Giovanni Bartolucci

Personal information
- Date of birth: 27 February 1984 (age 41)
- Place of birth: Bibbiena, Italy
- Height: 1.83 m (6 ft 0 in)
- Position: Defender

Youth career
- Fiorentina
- 2002–2004: Juventus

Senior career*
- Years: Team / Apps / (Gls)
- 2000–2002: Fiorentina / 1 / (0)
- 2004–2006: Juventus / 0 / (0)
- 2004–2005: → Crotone (loan) / 5 / (0)
- 2005: → Pisa (loan) / 5 / (0)
- 2005–2006: → Torres (loan) / 20 / (0)
- 2006–2011: Siena / 0 / (0)
- 2007–2008: → Monza (loan)
- 2008–2009: → Pistoiese (loan)
- 2009–2010: → Lecco (loan)
- 2010–2011: → Gubbio (loan) / 25 / (1)
- 2011–2014: Gubbio

International career
- 2000: Italy U15 / 7 / (0)
- 2000–01: Italy U16 / 7 / (0)
- 2002: Italy U18 / 5 / (0)
- 2002–03: Italy U19 / 4 / (0)
- 2003: Italy U20 / 2 / (0)

= Giovanni Bartolucci =

Italian footballer (born 1984)

Giovanni Bartolucci (born 27 February 1984) is an Italian former professional footballer who played as a defender.

==Career==
A youth product of Fiorentina, Bartolucci made his Serie A debut on 10 June 2001, in a 3–0 away loss to Lazio.
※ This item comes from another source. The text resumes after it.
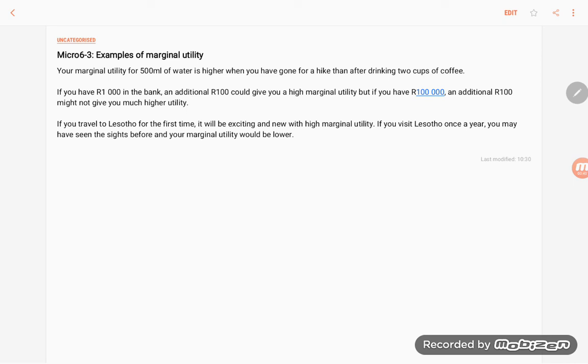If you travel to the city for the first time, it will be exciting and new and you will have a high marginal utility from the visit. If you visit the city once a year, you may have seen all the sites before and your marginal utility would be lower.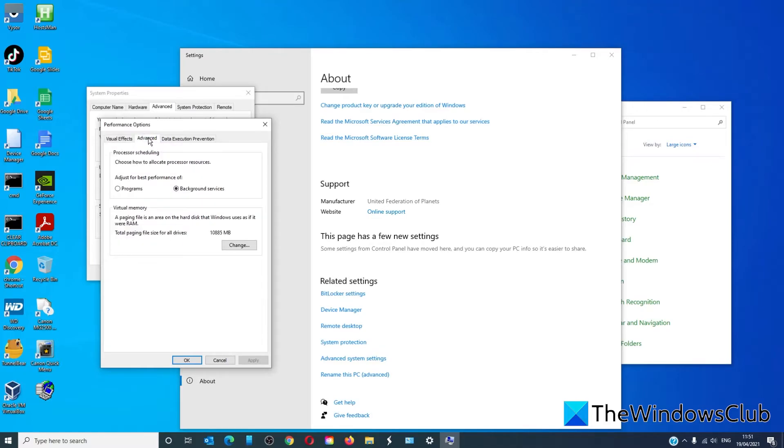On the advanced tab, we're looking for performance and we want to click on settings. Go into advanced. Under virtual memory, click on change.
Bartolucci signed for Juventus on a free transfer in 2002. Bartolucci was sent on loan to Crotone in 2004, along with Tomas Guzman, Abdoulay Konko, Matteo Paro, Antonio Mirante and Daniele Gastaldello.

Bartolucci was sent on loan to Siena in 2006, with Gastaldello, Konko, Andrea Masiello and Douglas Packer. Siena also holds half of the players' rights.

He joined Monza on loan in August 2007. He was later sent on loan to Pistoiese, Lecco and Gubbio. Bartolucci joined Gubbio on a free transfer in the summer of 2011.